Rourke shuddered and breathed again. Bryan hadn't noticed anything amiss. Rourke sat up, sweating. Thought:
Where the fuck did I just go?
His mind cleared, and he winked to cover his fear.
"As my Uncle Jeremy always said, jocks from Nevada shouldn't run over budget on album projects."
B.J. Woodley, Sour Candy's hyper guitarist, was staring into the booth. He seemed desperate for approval. B.J. had chosen to wear flaming yellow sweats to the session, and the studio's sound-proofing was blood red. Rourke thought Woodley looked like a pudgy canary in the cat's mouth.
Peter tapped the talk-back button and heard his voice echo through the other room. "Good one, guys," he lied. "But I'd like another take, just to be on the safe side."
Groans in harmony. Lime Pauley, the drummer, started clacking his sticks together to set the tempo. He raised his voice over the din: re-tuning, whining and squeaky butts shifting on padded stools. The down side of recording live.
"Jeez dude," Lime sputtered, "I thought that was pretty good. Besides, Dee's gonna be here soon. If she gets in there with you, we'll end up fucking around all night."
John Hubbard, piano: "You got that wrong, Lime. Rourke's gonna end up fucking around all night."
Good-natured laughter.
Peter, his head still pirouetting from somewhere over the rainbow, was tempted to join in until Gordie Easton crossed his mind. Music Work's owner, and Rourke's boss, had a bad case for Dee Jennings. He viewed their sometime affair as a meaningful relationship instead of a career-driven hook-up, but Sour Candy's sultry lead singer obviously had a mind of her own. In short, Gordie would not have been amused.

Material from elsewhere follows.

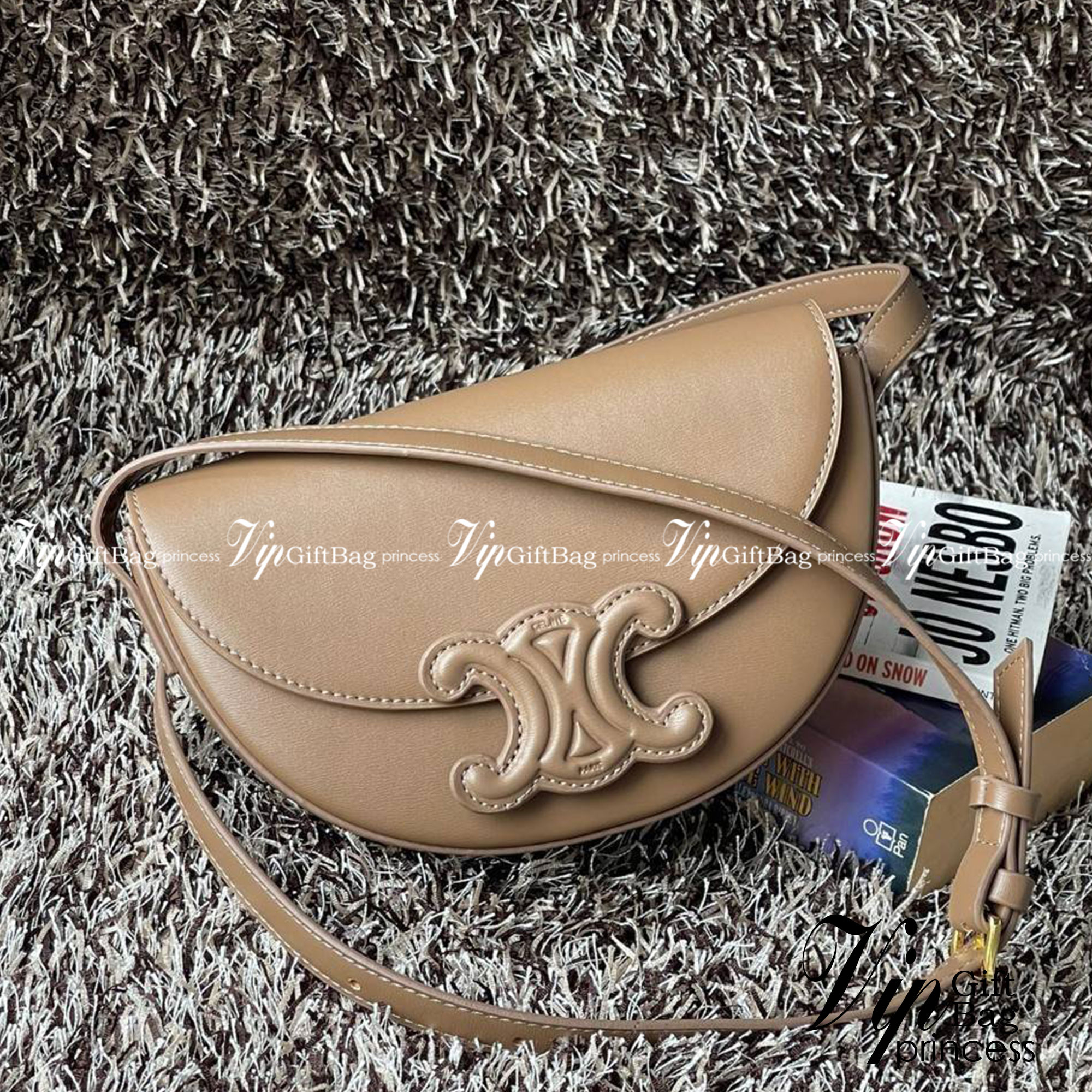 CELINE BESACE CUIR TRIOMPHE IN SMOOTH กระเป๋ารุ่นนี้นำเสนอในรูปทรงฮาล์ฟมูนที่ตอนนี้กำลังงมาแรง เปิดด้วยกระดุมแป๊กเพื่อเผยให้เห็นช่องภายในที่กว้างขวางและกระเป๋าด้านในแบบแบน คุณสมบัติที่โดดเด่นอีกอย่างของกระเป๋าอยู่ที่โลโก้ขนาดใหญ่ รูปทรงสะดุดตา สามารถสะพาย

Peter Rourke liked his job. Sure, the work wore him down; nudged him towards drugs and strained his nerves. It was also starting to make him rich in his twenties. Wealthy enough to put a redneck past behind. He thought it a fair enough trade.
"Knock off the bullshit," he barked. "Let's get on it. If you clowns would play the changes right, we could all go home early for once."
"Fuck you."
Thank God dirty looks don't kill
, he thought with a grimace.
That was out of line. The guys are trying. It's just not jelling, goddamn it, and that's more my fault than theirs.

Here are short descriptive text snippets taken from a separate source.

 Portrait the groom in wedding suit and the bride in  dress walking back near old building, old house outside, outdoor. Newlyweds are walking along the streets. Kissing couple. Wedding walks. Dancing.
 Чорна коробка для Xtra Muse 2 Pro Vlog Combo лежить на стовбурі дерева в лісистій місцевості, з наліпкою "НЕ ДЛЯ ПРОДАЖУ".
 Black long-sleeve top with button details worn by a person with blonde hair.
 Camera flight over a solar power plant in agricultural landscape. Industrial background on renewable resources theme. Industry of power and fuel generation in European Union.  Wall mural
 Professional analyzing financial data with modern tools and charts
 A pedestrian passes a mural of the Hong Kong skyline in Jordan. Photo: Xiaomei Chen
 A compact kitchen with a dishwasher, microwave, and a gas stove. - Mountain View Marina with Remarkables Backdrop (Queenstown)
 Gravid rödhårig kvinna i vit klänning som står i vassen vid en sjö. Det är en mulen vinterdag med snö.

"One," Lime counted. "Two. You know what to do..."
Before Peter could apologize, a pissed-off Sour Candy had launched into another take. Ironically, their resentment translated into fire and ice.
The song began to work.
Hubbard instinctively held back a little, then altered one synthesizer's voicing to a low growl at the top of the chorus. That prompted Joe Shane to start popping his bass, rap style. B.J. Woodley reacted in kind, stomping down on the volume pedal and crashing into his solo section like a tank springing from ambush. Real, on the spot musical feedback. They were zinging, driving, locking into it. Lime Pauley found something extra, too; by the end of the take he was whacking out an impossibly hip extra back-beat on the floor tom. Live music at it's unpolished best, rock as it once was.
Bryan Friedheim shook his head. He pursed his thin lips and reached for the rainbow vial again. "Well, I'll be fucked."
Rourke glanced over at the huge, rolling reels of the 24-track recorder. What was old was new again. He had always resisted going digital, and time had finally proven him right, but tape had risks attached. "You will definitely be fucked if we run out of tape."
"Promises, promises," Bryan lisped. He checked the computer's counter. "No sweat, Pete. According to my reliable little buddy here, we'll just make it."
And make it they did. Four seconds of absolute silence, with everyone holding his breath with the last note, in anticipation of Rourke's reaction. Then the tape rolled flap/flap/flap off the reel. Nail biting: Another one of the hazards of working the old-fashioned way.
Peter grinned and flashed a thumbs-up through the glass. Cheers erupted. He tapped the talk-back button.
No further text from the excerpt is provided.